The DSM-I deftly responded to the new world of postwar psychiatry. It split mental disorders into organic and psychogenic categories, reflecting the recent hospital-based and community-oriented psychiatry division. The profound psychic impacts of combat also led the initial DSM to add the far broader and more heterogeneous difficulties found in the general population to the largely psychotic problems that previous manuals emphasized. Shortly after the first DSM appeared, mental institutions began a precipitous decline. The roughly half-million patients residing in the state and county mental hospitals in the early 1950s fell to just 63,000 at the turn of the century and to below 40,000 at present.20 The status of the major diagnostic categories changed accordingly. Compared to the initial duality of organic and psychogenic conditions, the most recent DSM devotes just 2 of its 22 chapters to the psychoses.
Outpatient practitioners had little need for diagnoses in the 1950s and 1960s, as most clients paid for their own treatment. Dominant analytic theories downplayed or dismissed the diagnostic process. Thus, the brief and nonspecific descriptions of the psychogenic conditions found in the first two DSMs sufficed.
Political conflicts within the profession profoundly influenced the course of the DSM. The first DSM arose when almost all psychiatrists were clinicians or administrators. By the early 1970s, psychiatric researchers had gained considerable power and prestige, and diagnoses were essential for their goals. The extant DSM did not provide them with the precise descriptions and decision rules that ensured they dealt with homogeneous groups. Robert Spitzer, the leader of the researchers who promulgated the DSM-III revolution, understood that the manual also had to meet clinical needs.

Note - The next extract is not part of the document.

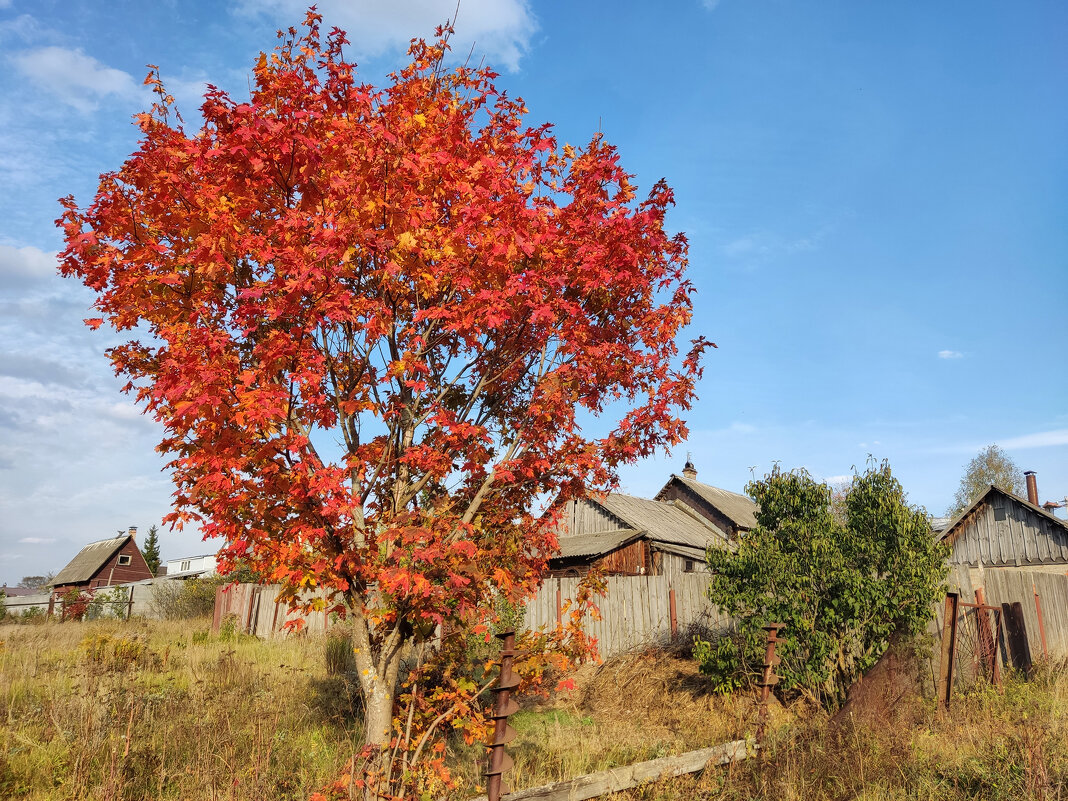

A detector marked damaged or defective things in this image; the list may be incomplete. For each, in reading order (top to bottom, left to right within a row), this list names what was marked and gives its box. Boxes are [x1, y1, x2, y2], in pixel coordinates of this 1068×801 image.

rusty metal post [487, 632, 519, 801]
rusty metal post [756, 623, 790, 743]
rusty metal post [939, 589, 965, 709]
rusty metal post [1029, 585, 1046, 662]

Practitioners did not require uniform diagnostic criteria, and many held cynical attitudes about DSM diagnoses. By the 1970s, however, they had no choice but to put diagnostic codes on reimbursement forms. Clinicians also needed an inclusive system with categories that encompassed all their clients. Spitzer realized that the manual had to span the range of conditions found in psychiatric practice.
Now the anxiety and depressive classes, the former neuroses best illustrate how intra-professional concerns shape DSM diagnoses. In the initial two manuals, anxiety was the core dynamic behind all the psychoneuroses, including depressive neurosis. It was by far the most commonly found condition during the 1950s and 1960s. Unlike anxiety, depression was mostly associated with severe psychotic conditions and was much less likely to be diagnosed. In the following decade, while clinicians remained dedicated to the anxiety-based neuroses, the biological psychiatrists gaining power in the profession targeted depression.

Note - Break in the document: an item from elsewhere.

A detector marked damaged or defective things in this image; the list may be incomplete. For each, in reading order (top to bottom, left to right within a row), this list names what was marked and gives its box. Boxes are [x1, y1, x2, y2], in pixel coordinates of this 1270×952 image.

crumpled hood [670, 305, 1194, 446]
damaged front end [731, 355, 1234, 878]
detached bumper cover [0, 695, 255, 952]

The researcher-driven DSM-III inverted the relative standing of anxiety and depression diagnoses. Spitzer and his task force were determined to demolish the analytic concept of neuroses, which entailed removing anxiety from the core position it held in the previous two manuals. The DSM-III split anxiety into nine discrete conditions, which simultaneously decreased its sweeping scope. The carving up of the anxiety disorders contrasted with the unification of the formerly distinct psychotic and neurotic depressive conditions into a single major depressive disorder diagnosis. The DSM-III also allocated the most common symptoms of the neurasthenic tradition, for example, sadness, fatigue, sleep, and appetite difficulties, to MDD rather than to any anxiety diagnosis. Further, the two-week duration required for depression was far shorter than the typical six-month duration for anxiety conditions.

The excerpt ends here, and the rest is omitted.